Ma oltre alle intimidazioni e alle lettere che l'uomo ha indirizzato ai vari ministeri, il nome di Bonaventura è tornato alla ribalta qualche mese fa, allorquando l'ex boss crotonese è stato sentito dal sostituto procuratore della Dda di Reggio Calabria, Giuseppe Lombardo, nell'ambito dell'indagine "Breakfast", sugli affari della Lega e delle cosche nel milanese: "Non solo la Lega come si evincerà poi in futuro sui verbali, ma anche il nome di qualche senatore con collegamenti non solo con Cosa Nostra ma anche con mamma 'ndrangheta, con la 'ndrangheta intelligente, quella dell'eversione nera dei Nar, dei servizi deviati, della trattativa Stato-mafia". Affermazioni, quelle rese al pm Lombardo, che secondo Bonaventura lo avrebbero reso ancor di più un bersaglio: "Aver ricominciato a parlare di calcio-scommesse, delle infiltrazioni nel mondo del calcio che conta, aver denunciato talpe nel programma di protezione, combine fra finti pentiti, non aver aggravato la posizione di altri illustrissimi politici e partiti, non aver mantenuto l'accordo che i De Stefano e i Tegano avevano chiuso con me, aver parlato di una nuova cupola composta da invisibili della 'ndrangheta, di strategia del terrore per un accordo non mantenuto tra Stato e 'ndrangheta dopo Duisburg". Un elenco lunghissimo di fatti, di argomenti, di "aree tematiche", che avrebbero esposto ancor di più Bonaventura: "Come mi è stato promesso, ovunque vado sono un uomo morto" dice.
Nelle parole di Bonaventura spesso e volentieri – e talvolta neanche in maniera troppo velata – c'è la convinzione di essere stato messo al centro di storie piuttosto inquietanti: "La mia assegnazione a Termoli (dove il collaboratore si troverebbe, ndr), a due passi dalla Calabria ai confini con la Sacra Corona Unita figlia di mamma 'ndrangheta, non e'stato un caso ed oggi è sempre più chiaro". Ai sospetti, però, Bonaventura affianca la propria decisione di continuare la battaglia per ottenere la scorta: "Come può lo Stato lasciare sola la mia famiglia?" chiede Bonaventura, sollecitando, ancora una volta, l'assegnazione di una tutela "per dimostrare alla 'ndrangheta, alle mafie che chi collabora chi denuncia, non è lasciato solo che lo stato c'è. La mia famiglia non ha avuto in tutte queste intimidazioni nessun atto di solidarietà, dal mondo politico-istituzionale, ad altri con molto meno gli avrebbero gia assegnato una scorta, avrebbero portato subito la sua famiglia in una località davvero al sicuro, e invece a noi tocca morire qua prigionieri di Termoli, prigionieri di gente (il NOP del Molise) che io ho denunciato, e che, nonostante questo, continua a venire a casa mia ad occuparsi di me".

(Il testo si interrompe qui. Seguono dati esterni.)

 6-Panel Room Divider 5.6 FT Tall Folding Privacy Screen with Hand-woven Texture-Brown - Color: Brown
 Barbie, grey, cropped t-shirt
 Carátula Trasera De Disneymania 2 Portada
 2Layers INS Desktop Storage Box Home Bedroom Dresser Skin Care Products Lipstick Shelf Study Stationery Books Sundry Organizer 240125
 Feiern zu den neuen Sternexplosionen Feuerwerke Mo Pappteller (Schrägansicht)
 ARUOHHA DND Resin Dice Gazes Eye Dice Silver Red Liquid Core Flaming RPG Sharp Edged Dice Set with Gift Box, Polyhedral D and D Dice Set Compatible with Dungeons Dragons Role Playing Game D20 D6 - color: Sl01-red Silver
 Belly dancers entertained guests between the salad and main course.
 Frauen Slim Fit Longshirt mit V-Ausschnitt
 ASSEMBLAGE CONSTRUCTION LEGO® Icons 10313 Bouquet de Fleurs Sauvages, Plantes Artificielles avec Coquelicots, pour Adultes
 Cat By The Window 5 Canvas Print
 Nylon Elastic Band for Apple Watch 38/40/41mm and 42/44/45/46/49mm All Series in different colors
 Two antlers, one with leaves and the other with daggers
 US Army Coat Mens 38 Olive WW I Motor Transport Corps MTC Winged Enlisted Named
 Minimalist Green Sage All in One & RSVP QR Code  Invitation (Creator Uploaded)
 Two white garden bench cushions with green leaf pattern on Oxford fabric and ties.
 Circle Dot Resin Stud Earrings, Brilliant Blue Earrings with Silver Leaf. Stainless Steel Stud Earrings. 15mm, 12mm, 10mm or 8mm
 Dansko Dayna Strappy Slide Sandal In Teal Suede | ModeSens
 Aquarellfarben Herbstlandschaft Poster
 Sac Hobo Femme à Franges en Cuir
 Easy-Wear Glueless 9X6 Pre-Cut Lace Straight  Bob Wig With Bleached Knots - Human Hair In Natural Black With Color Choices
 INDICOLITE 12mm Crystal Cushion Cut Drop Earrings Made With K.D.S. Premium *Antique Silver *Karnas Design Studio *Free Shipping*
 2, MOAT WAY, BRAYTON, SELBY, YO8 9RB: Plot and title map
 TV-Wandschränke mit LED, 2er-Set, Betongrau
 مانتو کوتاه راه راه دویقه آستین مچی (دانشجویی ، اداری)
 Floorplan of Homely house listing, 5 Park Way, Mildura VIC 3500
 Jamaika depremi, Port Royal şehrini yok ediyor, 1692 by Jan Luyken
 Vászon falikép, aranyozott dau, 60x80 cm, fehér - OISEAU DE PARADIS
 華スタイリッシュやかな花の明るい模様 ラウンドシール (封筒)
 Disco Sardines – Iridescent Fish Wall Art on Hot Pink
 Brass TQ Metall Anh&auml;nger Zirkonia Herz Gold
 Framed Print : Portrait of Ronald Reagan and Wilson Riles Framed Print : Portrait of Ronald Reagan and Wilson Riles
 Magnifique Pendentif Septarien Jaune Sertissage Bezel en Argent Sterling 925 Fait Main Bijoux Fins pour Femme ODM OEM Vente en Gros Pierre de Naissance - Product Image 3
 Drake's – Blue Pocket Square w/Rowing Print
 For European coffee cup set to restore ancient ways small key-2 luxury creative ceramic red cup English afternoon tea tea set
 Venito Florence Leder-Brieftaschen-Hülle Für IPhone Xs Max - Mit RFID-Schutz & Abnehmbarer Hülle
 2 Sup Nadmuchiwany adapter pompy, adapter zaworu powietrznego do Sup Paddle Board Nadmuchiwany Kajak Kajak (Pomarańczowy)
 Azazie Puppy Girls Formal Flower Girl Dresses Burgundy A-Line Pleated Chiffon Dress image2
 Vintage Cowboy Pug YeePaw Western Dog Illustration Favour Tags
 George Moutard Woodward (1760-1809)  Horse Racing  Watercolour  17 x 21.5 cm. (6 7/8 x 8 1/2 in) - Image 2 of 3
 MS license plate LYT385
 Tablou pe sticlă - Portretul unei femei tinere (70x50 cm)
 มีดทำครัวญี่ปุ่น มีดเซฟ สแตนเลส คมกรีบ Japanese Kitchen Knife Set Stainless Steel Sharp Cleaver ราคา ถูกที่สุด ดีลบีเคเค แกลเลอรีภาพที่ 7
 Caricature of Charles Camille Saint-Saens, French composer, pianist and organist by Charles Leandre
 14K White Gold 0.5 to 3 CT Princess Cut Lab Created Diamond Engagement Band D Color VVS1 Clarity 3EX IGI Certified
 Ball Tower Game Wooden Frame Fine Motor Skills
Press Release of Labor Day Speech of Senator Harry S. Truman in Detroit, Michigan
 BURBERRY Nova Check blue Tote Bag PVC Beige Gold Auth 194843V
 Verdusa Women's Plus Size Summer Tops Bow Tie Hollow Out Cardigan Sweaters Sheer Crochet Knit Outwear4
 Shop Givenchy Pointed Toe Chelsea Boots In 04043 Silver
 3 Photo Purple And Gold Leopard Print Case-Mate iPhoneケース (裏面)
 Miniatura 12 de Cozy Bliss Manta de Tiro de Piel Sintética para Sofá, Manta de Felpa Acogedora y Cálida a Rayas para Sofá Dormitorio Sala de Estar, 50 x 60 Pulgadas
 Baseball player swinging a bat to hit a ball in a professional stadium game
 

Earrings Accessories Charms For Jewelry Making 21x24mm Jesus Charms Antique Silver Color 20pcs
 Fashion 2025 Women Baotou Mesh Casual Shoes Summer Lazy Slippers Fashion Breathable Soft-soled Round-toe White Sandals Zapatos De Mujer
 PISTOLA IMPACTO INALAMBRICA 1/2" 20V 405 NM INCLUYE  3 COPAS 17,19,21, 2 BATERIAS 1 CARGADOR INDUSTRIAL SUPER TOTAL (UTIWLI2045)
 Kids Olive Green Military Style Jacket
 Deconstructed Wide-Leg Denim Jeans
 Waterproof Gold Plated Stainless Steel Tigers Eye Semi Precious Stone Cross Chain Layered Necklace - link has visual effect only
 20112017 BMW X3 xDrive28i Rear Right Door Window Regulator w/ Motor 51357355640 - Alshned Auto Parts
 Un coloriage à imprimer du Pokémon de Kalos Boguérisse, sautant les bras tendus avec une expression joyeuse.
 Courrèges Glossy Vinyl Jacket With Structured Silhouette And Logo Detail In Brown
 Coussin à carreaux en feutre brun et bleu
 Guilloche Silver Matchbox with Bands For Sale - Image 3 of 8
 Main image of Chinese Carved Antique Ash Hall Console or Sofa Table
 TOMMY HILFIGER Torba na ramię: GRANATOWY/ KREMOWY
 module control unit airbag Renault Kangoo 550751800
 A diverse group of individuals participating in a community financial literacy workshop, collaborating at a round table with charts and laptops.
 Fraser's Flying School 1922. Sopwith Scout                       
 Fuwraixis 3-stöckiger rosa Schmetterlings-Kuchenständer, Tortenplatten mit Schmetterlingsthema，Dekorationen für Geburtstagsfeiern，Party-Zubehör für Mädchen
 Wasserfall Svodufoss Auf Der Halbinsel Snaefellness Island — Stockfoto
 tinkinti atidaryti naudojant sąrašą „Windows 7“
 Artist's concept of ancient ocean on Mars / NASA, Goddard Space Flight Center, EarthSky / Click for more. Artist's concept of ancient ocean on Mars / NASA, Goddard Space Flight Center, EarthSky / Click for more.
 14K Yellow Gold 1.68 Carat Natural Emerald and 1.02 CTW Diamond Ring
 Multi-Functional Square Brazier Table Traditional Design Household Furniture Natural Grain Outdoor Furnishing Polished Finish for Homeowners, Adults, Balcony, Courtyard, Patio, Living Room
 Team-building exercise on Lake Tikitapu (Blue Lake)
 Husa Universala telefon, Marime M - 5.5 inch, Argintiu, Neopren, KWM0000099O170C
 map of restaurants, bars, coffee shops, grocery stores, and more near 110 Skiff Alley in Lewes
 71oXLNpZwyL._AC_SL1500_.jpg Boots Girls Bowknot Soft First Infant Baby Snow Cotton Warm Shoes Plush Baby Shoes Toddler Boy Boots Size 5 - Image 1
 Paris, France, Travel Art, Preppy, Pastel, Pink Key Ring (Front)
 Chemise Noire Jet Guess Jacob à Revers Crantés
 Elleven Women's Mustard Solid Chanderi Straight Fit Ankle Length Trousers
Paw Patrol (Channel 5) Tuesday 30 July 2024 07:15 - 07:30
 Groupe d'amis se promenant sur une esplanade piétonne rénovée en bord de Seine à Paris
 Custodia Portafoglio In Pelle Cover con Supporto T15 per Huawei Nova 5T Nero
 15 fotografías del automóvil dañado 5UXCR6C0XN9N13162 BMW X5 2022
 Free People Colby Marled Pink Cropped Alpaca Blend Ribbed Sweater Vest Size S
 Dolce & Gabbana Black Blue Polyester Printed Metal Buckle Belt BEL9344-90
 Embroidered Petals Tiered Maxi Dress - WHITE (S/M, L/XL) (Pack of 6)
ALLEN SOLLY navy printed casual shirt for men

Un percorso difficile quello raccontato da Bonaventura, che l'ex boss, però, continua a voler affrontare: "Certo che continuerò a collaborare con la giustizia. Continuo perchè io credo fermamente che è questa la strada giusta per la mia famiglia. E' vero c'e tanto di marcio, però è la via giusta. Continuo perchè voglio essere un esempio per i miei figli e per tutti quelli che nascono figli di mamma 'ndrangheta, voglio dimostrare loro che si può cambiare".